Thomson Reuters has agreed to acquire US-based 1040 tax automation software and services provider SurePrep in an all-cash deal worth $500m.
As part of the transaction, the Canadian media group expects to get an estimated tax advantage with a net present value at the time of purchase of about $60m.
The tax automation software and services provider is engaged in assisting accounting firms to enhance productivity and profitability, while promoting a fully digital tax workflow.
SurePrep was established in 2002. Its products and solutions are claimed to be used by more than 23,000 tax professionals at certified public accountant (CPA) firms, wealth management companies, and others.
Since April 2022, SurePrep and Thomson Reuters have been collaborating to offer complementary solutions for tax and accounting professionals.
SurePrep CEO Dave Wyle said: “This transaction builds on our existing partnership/reseller arrangement to deliver our vision of end-to-end tax automation that solves our customers’ biggest pain points.
“Additionally, Thomson Reuters has made it clear they are committed to maintaining SurePrep’s ability to interoperate with multiple vendors across an open tax software ecosystem.”
SurePrep utilises artificial intelligence (AI) to automate the direct collection of digital documents from customers and their subsequent processing.
It is said to automatically extract and populate key data into the company’s tax compliance software to enable CPAs to work more efficiently.
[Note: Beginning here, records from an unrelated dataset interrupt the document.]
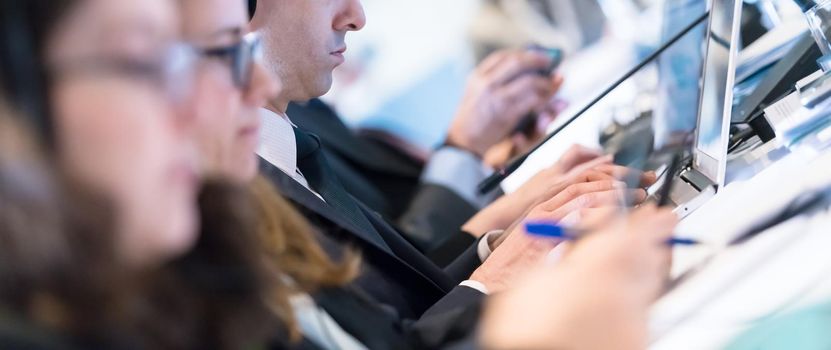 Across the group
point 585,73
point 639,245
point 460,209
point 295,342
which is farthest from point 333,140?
point 639,245

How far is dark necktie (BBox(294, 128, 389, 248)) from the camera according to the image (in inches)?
36.0

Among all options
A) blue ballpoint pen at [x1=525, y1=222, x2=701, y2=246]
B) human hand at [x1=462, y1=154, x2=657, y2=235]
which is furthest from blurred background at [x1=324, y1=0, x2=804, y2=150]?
blue ballpoint pen at [x1=525, y1=222, x2=701, y2=246]

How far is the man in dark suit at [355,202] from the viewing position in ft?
2.56

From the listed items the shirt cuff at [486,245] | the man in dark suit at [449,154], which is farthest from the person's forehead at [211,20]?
the man in dark suit at [449,154]

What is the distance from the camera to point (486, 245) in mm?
946

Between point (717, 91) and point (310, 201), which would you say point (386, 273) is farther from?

The US tax automation firm is anticipated to earn about $60m of revenue this year and grow in excess of 20% per year in the coming years.
Following the acquisition of SurePrep, Thomson Reuters will continue to follow its open ecosystem strategy, and the combined company is expected to serve as a stronger base for expedited investment in automation and customer experiences.
Thomson Reuters tax and accounting professionals president Elizabeth Beastrom said: “Thomson Reuters sees significant value and opportunities in SurePrep. The acquisition will support our strategy to empower tax and accounting professionals with the very best technology to simplify workflows, drive insights and improve efficiency.”
The acquisition, which is subject to regulatory approvals and customary conditions, is expected to close in Q1 2023.